Stocks may have started the day in the black, but against a backdrop of the initial Q1 GDP growth pace of 0.7% and an oddly tepid response to what were solid earnings reports from some of the market’s key names, those traders couldn’t remain as bullish. By the time the closing bell rang, the S&P 500 was off 0.19% for the day, ending the week at 2,384.2.
Leading the tepidly bearish charge were Athenahealth, Inc (NASDAQ:ATHN), Intel Corporation (NASDAQ:INTC) and Synchrony Financial (NYSE:SYF), all of which were sent lower in response to lackluster earnings news.
Synchrony Financial (SYF)
Synchrony Financial, the former financing arm of General Electric Company (NYSE:GE) that was spun off in 2015, was probably wishing its results were still buried with its former parent company’s numbers after they were posted early on Friday morning. SYF shares didn’t like what they heard, sending the stock to a loss of 15.9% for the day.
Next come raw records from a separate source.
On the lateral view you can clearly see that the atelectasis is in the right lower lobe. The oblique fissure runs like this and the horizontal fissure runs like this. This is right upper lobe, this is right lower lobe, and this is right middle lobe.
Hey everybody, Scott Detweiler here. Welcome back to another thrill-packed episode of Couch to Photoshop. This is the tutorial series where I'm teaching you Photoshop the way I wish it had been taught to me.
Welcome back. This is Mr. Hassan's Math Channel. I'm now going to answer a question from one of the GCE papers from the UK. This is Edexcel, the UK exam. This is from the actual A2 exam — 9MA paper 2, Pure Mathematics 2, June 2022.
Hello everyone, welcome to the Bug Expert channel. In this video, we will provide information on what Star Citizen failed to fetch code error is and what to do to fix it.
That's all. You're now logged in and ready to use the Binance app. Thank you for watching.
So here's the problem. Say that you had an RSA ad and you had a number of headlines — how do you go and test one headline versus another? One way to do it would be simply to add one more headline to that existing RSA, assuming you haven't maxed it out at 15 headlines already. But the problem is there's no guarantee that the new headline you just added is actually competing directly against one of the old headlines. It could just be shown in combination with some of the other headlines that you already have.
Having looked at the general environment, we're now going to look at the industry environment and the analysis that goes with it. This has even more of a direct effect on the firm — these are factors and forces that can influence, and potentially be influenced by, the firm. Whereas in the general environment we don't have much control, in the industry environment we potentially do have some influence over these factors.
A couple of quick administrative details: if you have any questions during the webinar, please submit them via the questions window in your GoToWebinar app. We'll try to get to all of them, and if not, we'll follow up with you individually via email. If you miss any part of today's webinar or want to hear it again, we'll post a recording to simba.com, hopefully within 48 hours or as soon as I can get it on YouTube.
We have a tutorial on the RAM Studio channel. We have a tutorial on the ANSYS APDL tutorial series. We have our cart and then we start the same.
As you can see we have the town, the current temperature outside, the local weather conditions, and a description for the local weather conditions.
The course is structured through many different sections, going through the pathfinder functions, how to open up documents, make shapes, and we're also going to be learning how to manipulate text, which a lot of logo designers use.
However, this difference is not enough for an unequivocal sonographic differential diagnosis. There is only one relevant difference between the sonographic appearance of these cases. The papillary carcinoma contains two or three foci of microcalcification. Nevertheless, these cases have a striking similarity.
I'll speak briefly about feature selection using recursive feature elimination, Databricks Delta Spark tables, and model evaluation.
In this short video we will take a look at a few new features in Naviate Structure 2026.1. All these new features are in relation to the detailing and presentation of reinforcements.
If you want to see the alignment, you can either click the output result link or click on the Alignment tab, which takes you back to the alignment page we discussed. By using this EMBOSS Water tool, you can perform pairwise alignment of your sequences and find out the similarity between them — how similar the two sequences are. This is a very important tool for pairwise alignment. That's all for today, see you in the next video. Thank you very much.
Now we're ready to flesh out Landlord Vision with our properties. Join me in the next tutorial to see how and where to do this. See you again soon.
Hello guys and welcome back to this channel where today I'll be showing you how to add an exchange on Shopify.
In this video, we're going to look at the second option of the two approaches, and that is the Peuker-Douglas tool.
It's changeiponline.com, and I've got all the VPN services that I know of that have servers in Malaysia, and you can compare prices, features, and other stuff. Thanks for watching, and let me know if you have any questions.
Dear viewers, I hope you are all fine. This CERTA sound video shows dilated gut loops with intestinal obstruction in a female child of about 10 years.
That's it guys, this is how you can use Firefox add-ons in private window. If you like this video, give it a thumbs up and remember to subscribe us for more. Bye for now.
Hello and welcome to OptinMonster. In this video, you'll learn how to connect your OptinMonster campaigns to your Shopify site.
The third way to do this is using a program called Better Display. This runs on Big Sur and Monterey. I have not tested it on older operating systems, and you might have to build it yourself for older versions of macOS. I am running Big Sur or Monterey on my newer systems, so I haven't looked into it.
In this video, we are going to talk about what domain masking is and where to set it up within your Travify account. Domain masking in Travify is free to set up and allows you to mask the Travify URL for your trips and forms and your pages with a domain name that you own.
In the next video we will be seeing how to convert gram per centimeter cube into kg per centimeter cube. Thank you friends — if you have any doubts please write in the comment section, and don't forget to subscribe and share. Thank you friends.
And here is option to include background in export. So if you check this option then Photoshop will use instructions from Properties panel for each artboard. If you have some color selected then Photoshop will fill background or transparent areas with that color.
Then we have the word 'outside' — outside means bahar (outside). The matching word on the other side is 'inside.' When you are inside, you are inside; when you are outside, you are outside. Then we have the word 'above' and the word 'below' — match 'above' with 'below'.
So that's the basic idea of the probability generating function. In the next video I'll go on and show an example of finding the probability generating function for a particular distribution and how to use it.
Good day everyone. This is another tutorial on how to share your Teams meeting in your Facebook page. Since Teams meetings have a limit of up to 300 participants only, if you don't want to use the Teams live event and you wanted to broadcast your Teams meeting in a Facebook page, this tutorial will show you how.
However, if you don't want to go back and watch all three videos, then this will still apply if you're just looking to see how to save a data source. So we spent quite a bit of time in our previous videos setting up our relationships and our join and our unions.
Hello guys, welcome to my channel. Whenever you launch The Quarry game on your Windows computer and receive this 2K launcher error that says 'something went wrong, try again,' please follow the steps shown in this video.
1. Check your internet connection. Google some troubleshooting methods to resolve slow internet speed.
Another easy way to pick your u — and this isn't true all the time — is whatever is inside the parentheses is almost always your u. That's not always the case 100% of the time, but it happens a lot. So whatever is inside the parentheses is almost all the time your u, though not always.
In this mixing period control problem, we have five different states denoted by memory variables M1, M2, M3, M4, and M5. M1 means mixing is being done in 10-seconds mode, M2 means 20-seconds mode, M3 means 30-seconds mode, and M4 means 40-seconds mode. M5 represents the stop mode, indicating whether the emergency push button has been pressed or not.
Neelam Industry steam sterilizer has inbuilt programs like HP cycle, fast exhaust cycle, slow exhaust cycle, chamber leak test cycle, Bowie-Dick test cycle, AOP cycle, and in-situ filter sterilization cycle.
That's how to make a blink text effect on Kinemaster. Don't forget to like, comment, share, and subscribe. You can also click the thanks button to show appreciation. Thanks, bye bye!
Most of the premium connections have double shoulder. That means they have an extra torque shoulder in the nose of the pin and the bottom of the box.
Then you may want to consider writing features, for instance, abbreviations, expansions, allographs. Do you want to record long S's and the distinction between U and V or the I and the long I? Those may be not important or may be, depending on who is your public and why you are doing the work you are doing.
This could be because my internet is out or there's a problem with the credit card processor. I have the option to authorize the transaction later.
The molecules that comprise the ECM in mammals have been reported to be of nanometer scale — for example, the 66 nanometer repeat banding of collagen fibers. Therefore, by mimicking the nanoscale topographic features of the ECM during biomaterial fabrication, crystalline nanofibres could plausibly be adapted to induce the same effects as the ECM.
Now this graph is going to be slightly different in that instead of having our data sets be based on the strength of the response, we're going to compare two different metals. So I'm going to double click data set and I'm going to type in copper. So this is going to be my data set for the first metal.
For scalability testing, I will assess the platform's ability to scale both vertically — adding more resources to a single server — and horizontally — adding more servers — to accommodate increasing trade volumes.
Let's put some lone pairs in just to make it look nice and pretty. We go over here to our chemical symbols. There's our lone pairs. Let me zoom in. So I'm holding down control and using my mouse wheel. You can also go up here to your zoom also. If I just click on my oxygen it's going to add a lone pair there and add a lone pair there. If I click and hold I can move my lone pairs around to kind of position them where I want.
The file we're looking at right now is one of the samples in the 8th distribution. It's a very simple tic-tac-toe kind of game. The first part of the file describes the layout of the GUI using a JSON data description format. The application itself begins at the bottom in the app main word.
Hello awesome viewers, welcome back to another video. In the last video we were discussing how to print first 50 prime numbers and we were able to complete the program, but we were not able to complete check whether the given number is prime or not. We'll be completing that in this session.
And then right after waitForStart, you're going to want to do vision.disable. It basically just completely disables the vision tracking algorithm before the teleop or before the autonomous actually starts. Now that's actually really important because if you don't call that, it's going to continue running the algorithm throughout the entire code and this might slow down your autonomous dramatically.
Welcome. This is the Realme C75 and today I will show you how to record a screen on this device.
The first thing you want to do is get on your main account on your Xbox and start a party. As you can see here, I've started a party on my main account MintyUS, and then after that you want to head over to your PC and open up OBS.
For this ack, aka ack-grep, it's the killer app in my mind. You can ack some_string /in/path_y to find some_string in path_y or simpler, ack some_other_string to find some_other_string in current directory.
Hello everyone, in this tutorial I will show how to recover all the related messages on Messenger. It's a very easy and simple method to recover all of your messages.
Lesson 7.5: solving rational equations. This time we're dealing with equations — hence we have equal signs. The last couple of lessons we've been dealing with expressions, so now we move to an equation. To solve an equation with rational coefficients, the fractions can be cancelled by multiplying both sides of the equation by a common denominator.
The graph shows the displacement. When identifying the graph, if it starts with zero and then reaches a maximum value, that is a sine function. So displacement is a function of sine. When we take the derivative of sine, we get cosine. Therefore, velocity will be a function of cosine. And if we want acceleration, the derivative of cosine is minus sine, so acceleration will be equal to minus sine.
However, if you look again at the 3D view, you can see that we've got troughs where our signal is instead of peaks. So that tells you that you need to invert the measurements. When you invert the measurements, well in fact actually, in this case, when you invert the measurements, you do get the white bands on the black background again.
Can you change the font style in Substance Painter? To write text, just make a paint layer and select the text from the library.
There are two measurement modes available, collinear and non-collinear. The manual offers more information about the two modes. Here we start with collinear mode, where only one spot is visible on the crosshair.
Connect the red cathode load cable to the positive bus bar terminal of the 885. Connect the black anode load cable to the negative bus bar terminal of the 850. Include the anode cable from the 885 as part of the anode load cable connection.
The bearish response is understandable. For the quarter ending in March, Synchrony was expected to report earnings of 74 cents per share on revenue of $3.54 billion. Instead, the company reported a profit of 61 cents per share of SYF and a top line of $3.91 billion. Although the top line was better than expected, the earnings miss was not only wide, but the bottom line withered — a lot — compared to the year-ago profit figure.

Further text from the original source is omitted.